What Is Batch Processing?

Let me explain batch processing directly: it's when you process transactions in a group or batch, and once it starts, no user interaction is needed. This sets it apart from transaction processing, where you handle things one by one and often need user input.

You can run batch processing anytime, but it's especially useful for end-of-cycle tasks, like generating a bank's daily reports or handling monthly payrolls.

Key Takeaways

Batch processing is a technique I want you to understand for automating multiple transactions as one group. It manages tasks such as payroll, end-of-month reconciliations, or overnight trade settlements. Over time, these systems save money and labor, though designing and implementing them can be costly upfront.

Understanding Batch Processing

For large enterprises, batch processing became standard in the mid-20th century with mainframe computers, where you'd feed stacks of punched cards with commands into the system.

Herman Hollerith developed the punch card around 1890 while working for the U.S. Census Bureau, and it laid the groundwork for batch processing decades later.

You run batch jobs on schedules, like overnight, or as needed. For instance, monthly utility bills are often generated this way. It's cost-effective for large data volumes, but remember, if inputs are wrong, the entire batch fails, wasting time and money.

History of Batch Processing

Batch processing features minimal human intervention, which is key to its efficiency, though it wasn't always so automated.

It began with punch cards tabulated into computer instructions, processed in entire decks at once. Herman Hollerith created this for the 1890 U.S. Census; cards were punched manually and read by electromechanical devices. He patented it as the 'Electronic Tabulating Machine' and helped form what became IBM.

Today, batch processing is fully automated to trigger on time conditions. Some tasks run immediately, others in real-time with monitoring. If issues arise, the system alerts personnel via exception-based management, freeing up managers for other work.

The software uses monitors and dependencies to spot exceptions, like customer orders or supply requests, starting the process accordingly.

Advantages of Batch Processing

Batch processing is faster and cheaper because it reduces labor and equipment needs by minimizing human oversight and hardware use. It's quick, efficient, and error-free by design, so you can focus on other tasks.

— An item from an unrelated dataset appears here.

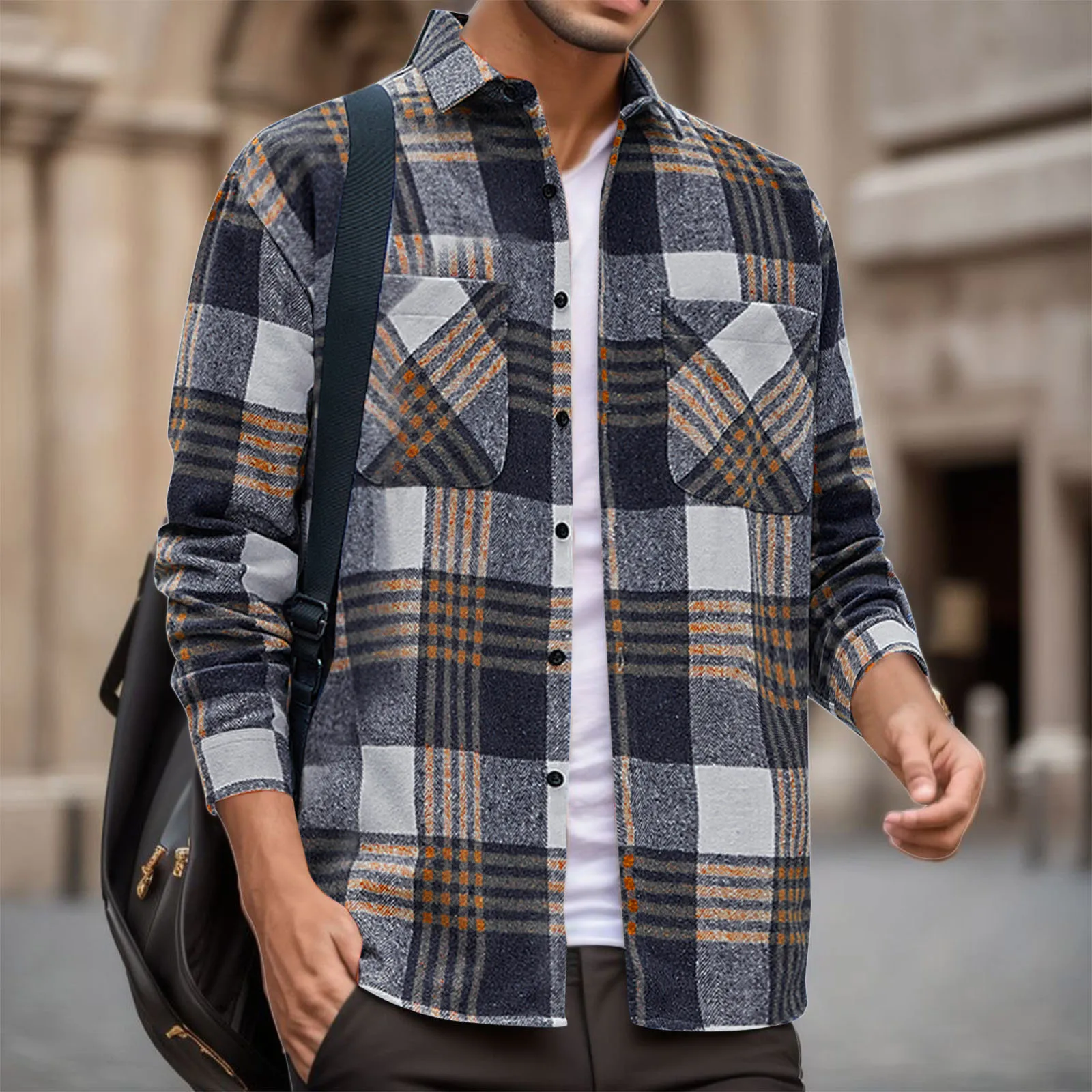 Business Casual Plaid Print Shirt Jacket Men 2023 Spring Single Breasted Lapel Top Autumn Pocket Patchwork T-shirt Cardigan Tops
Business Casual Plaid Print Shirt Jacket Men 2023 Spring Single Breasted Lapel Top Autumn Pocket Patchwork T-shirt Cardigan Tops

These systems work anytime, anywhere, even outside business hours or offline, without disrupting daily routines.

With a hands-off approach, managers don't supervise batches; alerts handle problems, letting staff do their jobs.

Disadvantages of Batch Processing

Before implementing, consider the drawbacks. Deployment requires training on triggers, scheduling, and exception notifications.

Debugging complex systems means you need staff familiar with them or hire IT specialists.

The infrastructure involves a significant upfront cost, which might not be feasible for some businesses.